Scott Ollerenshaw

Personal information
- Full name: Scott Ollerenshaw
- Date of birth: 9 February 1968 (age 58)
- Place of birth: Sydney, Australia
- Height: 5 ft 10 in (1.78 m)
- Position: Forward

Senior career*
- Years: Team / Apps / (Gls)
- 1986–1989: St George / 93 / (30)
- 1989–1991: Sydney Olympic / 33 / (3)
- 1991–1992: APIA Leichhardt / 24 / (3)
- 1992–1993: Walsall FC / 20 / (4)
- 1993: APIA Leichhardt / 5 / (0)
- 1993–1994: Wollongong City / 2 / (1)
- 1994–1997: Sabah / 106 / (110)
- 1998: Negeri Sembilan / ? / (?)
- 1998–1999: Northern Spirit / 0 / (0)
- 1999: Ryde City Gunners / 8 / (4)
- Total:  / 50 / (23)

International career
- 1987–1989: Australia / 14 / (2)

Managerial career
- 2021–: Sabah (Technical Director)

= Scott Ollerenshaw =

Australian soccer player

Scott Ollerenshaw (born 9 February 1968) is an Australian former association football player, best known for his appearances for his country's national side in the late 1980s and as a successful import player in Malaysia especially with Sabah football team in the 1990s who scored against Manchester United on their 1995 Asian tour together with Sabah. In 2023, he officially become the Technical Director of Sabah football club.

==Club career==
A prominent forward and winger, Scott Ollerenshaw played for several clubs including St George Saints and Sydney Olympic in Australia's National Soccer League before heading overseas. He had a season with Walsall FC in England before becoming a popular overseas player for Sabah FA in Malaysia's M-League. Scoring more than a goal a game in four seasons with Sabah FA, Ollerenshaw twice won the Malaysian Golden Boot and earned the nickname 'The Ginger Maradona'. After returning home to Australia to join National Soccer League club, Northern Spirit FC, a serious hip injury forced him to retire at the age of 31.

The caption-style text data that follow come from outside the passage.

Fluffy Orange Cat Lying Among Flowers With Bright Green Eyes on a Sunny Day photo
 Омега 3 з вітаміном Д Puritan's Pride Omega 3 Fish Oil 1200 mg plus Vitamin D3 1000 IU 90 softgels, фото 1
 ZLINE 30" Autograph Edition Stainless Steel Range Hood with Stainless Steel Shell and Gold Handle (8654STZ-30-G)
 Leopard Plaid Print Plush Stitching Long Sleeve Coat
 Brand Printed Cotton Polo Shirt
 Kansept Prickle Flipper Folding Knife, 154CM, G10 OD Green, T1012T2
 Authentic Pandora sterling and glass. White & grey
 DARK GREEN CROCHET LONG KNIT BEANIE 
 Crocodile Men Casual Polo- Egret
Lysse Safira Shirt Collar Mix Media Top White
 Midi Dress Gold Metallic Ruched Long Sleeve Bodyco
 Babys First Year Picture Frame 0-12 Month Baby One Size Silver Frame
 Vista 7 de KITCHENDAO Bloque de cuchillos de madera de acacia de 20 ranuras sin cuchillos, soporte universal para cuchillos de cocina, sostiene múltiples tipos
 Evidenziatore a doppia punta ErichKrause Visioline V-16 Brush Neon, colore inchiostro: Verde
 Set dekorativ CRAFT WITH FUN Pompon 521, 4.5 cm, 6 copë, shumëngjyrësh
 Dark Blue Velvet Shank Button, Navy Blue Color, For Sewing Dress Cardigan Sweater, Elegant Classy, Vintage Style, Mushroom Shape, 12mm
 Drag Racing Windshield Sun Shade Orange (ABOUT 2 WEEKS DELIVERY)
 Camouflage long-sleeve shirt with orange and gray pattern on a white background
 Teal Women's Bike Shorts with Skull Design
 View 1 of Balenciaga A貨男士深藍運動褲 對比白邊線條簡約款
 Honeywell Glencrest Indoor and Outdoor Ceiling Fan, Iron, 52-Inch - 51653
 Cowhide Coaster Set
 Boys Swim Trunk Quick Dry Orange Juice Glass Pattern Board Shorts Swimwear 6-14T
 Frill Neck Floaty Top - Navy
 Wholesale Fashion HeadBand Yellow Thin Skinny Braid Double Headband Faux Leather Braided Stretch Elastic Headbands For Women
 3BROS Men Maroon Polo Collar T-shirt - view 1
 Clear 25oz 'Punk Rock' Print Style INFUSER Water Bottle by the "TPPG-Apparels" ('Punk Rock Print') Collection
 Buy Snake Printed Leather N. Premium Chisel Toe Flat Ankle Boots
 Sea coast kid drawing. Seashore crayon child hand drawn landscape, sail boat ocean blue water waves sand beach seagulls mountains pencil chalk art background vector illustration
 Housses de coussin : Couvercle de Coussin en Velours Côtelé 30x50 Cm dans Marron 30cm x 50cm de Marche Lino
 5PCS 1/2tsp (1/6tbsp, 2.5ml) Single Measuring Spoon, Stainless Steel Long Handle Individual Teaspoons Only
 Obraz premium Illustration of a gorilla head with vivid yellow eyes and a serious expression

==Scoring against Manchester United==
Ollerenshaw scored a famous goal against Manchester United on their Asian pre-season tour for the 1995-96 season. Although a Sabah player at the time, Ollerenshaw represented Selangor FA against a star-studded United side that included Eric Cantona and David Beckham. His left-footed strike beat Peter Schmeichel in the 4-1 defeat in front of 50,000 fans at Shah Alam Stadium on July 31, 1995 at the start of a season that saw the Red Devils win the Premier League title under Alex Ferguson.

==International career==
As a 19-year-old, Ollerenshaw was capped in 1987 by his St George Saints manager Frank Arok who was also the national coach. Ollerenshaw played in the 1988 Gold Cup in Sydney, which marked the Australian Bicentenary and included a shock 4–1 victory over Argentina. Later that year, Ollerenshaw also played in the football tournament at the 1988 Summer Olympic Games in Seoul, South Korea.

==Post-playing career==
He is married to Malaysia's former karate champion Michelle Koh. After retirement, Ollerenshaw has run his own sports tourism business in Kota Kinabalu of Sabah, specialising in organising junior and senior football tours and tournaments, including the annual Borneo Cup. Since 2021, he has been the technical and sporting director for his former club, Sabah. He has also helped football development in Malaysia through the recruitment of mixed heritage players from overseas to strengthen Malaysian clubs and the national team. These talented footballers, who have mostly been raised abroad with a Malaysian parent, include national team players Brendan Gan, Darren Lok, Junior Eldstål, Matthew Davies and Corbin-Ong. His overseas connections also helped the Malaysian U23 team compete in Queensland's NPL to aid with their development and at same time assisted Aussie national players and coaches showcasing their talents to clubs in Asia.

A familiar face in the Malaysian media, Ollerenshaw occasionally appeared as a Premier League and FIFA World Cup pundit especially on FourFourTwo of Malaysian sports television channel, Astro SuperSport between 2009 and 2014.